Thursday, June 16, 2011

The Schoolteacher and The Outlaw

She was a schoolteacher.  A pretty brunette who graduated from college in 1872 with a degree in literature and science.  She came from a well-respected family and she could have married well.  Yet, Ann Ralston eloped with one of the most-wanted outlaws in America.

He was not a handsome man and he shunned the publicity showered on him. Bookish, he was an avid reader and he could quote Shakespeare at will.  It was said he always had novels with him.  Even when he was busy outrunning a posse, his saddlebags contained books.   Is it any wonder Alexander Franklin James fell for a girl with a degree in literature?

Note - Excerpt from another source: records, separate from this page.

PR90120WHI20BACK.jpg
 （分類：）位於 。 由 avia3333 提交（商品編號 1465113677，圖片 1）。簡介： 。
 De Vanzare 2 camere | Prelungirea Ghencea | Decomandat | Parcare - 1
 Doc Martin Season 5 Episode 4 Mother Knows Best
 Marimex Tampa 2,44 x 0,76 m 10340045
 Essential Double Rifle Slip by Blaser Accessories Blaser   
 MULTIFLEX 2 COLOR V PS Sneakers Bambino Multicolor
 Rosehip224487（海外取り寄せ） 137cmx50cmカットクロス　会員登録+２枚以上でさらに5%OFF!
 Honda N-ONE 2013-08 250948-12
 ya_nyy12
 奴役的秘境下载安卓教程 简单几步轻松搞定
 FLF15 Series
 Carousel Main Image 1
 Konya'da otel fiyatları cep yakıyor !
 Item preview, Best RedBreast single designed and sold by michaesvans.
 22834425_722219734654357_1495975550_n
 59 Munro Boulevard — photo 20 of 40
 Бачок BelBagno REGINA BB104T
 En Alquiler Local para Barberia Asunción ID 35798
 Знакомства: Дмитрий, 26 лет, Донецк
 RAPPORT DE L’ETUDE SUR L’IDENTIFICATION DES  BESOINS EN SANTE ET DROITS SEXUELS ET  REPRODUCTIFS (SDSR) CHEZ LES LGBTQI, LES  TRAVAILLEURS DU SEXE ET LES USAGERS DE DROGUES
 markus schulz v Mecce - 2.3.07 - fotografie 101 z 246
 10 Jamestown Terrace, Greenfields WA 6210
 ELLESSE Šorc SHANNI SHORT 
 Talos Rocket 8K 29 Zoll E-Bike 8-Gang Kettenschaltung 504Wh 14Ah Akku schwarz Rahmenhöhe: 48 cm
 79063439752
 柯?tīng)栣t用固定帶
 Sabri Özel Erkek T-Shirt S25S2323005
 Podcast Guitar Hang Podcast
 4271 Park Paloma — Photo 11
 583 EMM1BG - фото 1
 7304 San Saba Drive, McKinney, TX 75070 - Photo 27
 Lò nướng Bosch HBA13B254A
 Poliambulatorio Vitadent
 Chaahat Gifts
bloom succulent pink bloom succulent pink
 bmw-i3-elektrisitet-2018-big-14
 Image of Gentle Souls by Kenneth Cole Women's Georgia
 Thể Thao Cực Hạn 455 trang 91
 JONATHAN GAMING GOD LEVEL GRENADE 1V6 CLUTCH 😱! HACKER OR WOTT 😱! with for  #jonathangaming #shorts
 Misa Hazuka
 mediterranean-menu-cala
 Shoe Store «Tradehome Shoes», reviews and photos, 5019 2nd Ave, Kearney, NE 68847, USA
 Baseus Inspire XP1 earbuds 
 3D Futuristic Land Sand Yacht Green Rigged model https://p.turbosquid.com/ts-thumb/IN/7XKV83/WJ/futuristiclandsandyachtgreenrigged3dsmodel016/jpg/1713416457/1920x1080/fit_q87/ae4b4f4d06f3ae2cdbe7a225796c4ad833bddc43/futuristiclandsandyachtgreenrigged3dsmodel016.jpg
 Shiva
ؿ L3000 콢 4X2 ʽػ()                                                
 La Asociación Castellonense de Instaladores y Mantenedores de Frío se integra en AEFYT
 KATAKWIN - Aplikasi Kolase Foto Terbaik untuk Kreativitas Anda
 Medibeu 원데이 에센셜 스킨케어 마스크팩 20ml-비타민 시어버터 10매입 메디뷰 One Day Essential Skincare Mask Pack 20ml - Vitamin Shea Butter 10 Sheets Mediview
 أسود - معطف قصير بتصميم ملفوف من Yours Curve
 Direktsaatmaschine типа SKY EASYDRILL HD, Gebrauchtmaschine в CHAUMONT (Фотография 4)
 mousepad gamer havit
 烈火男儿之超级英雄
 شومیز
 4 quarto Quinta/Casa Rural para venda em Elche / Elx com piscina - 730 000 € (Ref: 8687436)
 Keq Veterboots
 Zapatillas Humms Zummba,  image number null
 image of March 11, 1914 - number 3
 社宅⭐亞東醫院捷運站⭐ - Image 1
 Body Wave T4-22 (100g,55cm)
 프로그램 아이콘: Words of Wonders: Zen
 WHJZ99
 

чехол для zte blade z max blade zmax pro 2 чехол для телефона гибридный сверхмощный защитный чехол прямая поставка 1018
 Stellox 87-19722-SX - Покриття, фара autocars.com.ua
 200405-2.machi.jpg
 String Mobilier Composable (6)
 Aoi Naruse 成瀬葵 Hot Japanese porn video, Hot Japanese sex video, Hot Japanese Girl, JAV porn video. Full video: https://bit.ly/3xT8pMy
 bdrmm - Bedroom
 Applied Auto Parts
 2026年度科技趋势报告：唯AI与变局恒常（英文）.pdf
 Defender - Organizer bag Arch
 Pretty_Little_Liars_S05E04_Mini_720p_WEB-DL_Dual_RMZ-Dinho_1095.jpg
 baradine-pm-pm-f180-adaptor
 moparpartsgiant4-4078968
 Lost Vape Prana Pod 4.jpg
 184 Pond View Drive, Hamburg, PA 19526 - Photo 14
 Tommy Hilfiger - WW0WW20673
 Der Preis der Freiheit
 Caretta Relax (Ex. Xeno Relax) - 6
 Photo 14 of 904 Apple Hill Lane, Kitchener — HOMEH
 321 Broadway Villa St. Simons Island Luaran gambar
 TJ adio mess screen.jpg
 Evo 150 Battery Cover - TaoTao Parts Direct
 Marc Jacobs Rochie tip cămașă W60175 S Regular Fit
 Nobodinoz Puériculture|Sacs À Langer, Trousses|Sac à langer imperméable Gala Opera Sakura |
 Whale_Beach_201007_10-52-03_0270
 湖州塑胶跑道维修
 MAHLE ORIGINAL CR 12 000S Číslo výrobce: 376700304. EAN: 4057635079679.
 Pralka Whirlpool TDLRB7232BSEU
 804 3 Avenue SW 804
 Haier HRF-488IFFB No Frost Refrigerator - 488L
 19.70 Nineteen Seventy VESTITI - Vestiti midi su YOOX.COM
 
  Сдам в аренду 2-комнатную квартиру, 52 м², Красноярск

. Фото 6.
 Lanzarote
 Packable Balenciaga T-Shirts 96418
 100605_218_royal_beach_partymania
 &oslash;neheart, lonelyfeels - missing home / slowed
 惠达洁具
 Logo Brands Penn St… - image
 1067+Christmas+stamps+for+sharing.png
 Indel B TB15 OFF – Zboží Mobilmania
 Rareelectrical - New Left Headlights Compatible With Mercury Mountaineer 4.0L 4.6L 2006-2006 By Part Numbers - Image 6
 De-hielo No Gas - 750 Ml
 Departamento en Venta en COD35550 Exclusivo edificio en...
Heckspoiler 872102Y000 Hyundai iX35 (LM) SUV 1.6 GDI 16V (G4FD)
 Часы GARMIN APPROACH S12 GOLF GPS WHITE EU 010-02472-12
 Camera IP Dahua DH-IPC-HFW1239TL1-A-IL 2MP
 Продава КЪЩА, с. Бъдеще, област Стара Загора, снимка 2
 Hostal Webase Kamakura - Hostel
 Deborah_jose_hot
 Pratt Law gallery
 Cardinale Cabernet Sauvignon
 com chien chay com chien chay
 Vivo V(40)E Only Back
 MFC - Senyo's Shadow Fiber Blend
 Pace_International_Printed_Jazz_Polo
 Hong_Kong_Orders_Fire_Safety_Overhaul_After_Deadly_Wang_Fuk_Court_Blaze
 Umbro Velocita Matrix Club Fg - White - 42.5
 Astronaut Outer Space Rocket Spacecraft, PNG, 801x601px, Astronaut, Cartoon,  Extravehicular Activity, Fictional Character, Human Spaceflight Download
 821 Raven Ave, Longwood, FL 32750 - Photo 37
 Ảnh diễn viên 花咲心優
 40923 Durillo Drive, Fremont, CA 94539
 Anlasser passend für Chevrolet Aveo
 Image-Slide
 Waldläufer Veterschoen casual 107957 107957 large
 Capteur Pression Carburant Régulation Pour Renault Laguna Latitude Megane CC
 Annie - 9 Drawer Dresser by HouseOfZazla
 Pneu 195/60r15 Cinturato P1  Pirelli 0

The details of how Frank and Annie met and secretly courted remain elusive.  In June of 1874, Annie convinced her parents to let her go visit a relative in Kansas City.   She actually met Frank in Kansas City and went to Omaha with him where they were married.  She sent a note home to her worried parents:  Dear Mother, I am married and going West.  Annie Reynolds.  Her parents had no idea she had married the outlaw, Frank James, until much later.  When her father found out, he disowned her. 

The unlikely marriage would last for 41 years and, according to most accounts, it was a happy marriage.  Frank and Annie got along well   They lived under aliases in Texas, Nashville and Baltimore.  Their only child, Robert, was born in 1878 while they were living in the Nashville area.  After Jesse’s assassination in 1882, Frank turned himself in to the governor of Missouri and Annie wrote her husband a poem called Surrendered.   Frank’s trial earned more publicity than that of the man who killed President McKinley.  He was found not guilty of the charges against him, and he spent the rest of this life as a law-abiding citizen and loving spouse.  “No better husband ever lived,” Ann said of him.

In their later year, Annie and Frank lived on the James farm where Frank sold tours for twenty-five cents.  When he died, he wishes were to be cremated and his ashes stored in a vault until he could be buried with Annie.  She would continue to live on James farm until her death in 1944.  She was 91 when she died. 

Now, the schoolteacher and the outlaw are together again, resting peacefully beneath a simple grave marker.  Frank would have approved.

Patricia Preston
http://www.patricia-preston.com/

5 comments:

Claire Robyns said...

Love rules... It's lovely to see a true life love story that defies convention and ends happily ever after

Taryn Kincaid said...

When I was first reading this, I was picturing Katherine Ross as Etta Place and Robert Redford as Sundance and I was thinking, Robert Redford not a handsome man? What planet are you on?

Then I segued into the Brad Pitt gets assassinaed as Jesse James movie, which I found unutterably dreary.

This is a lovely tidbit. I especially like the goodbye note Annie left for her mother, and how she signs it with her full name! Amazing to think that they were together 44 years!

Wendy Soliman said...

How lovely! So rare to find such a real life love match. Thanks for sharing.

Patricia Preston said...

Glad you enjoyed it. I always thought it was so unusual. Especially with her being as well-educated as she was, which was rare at the time, and she marries an outlaw.

Stevie Carroll said...

That's a great story, and one I don't think I'd heard before.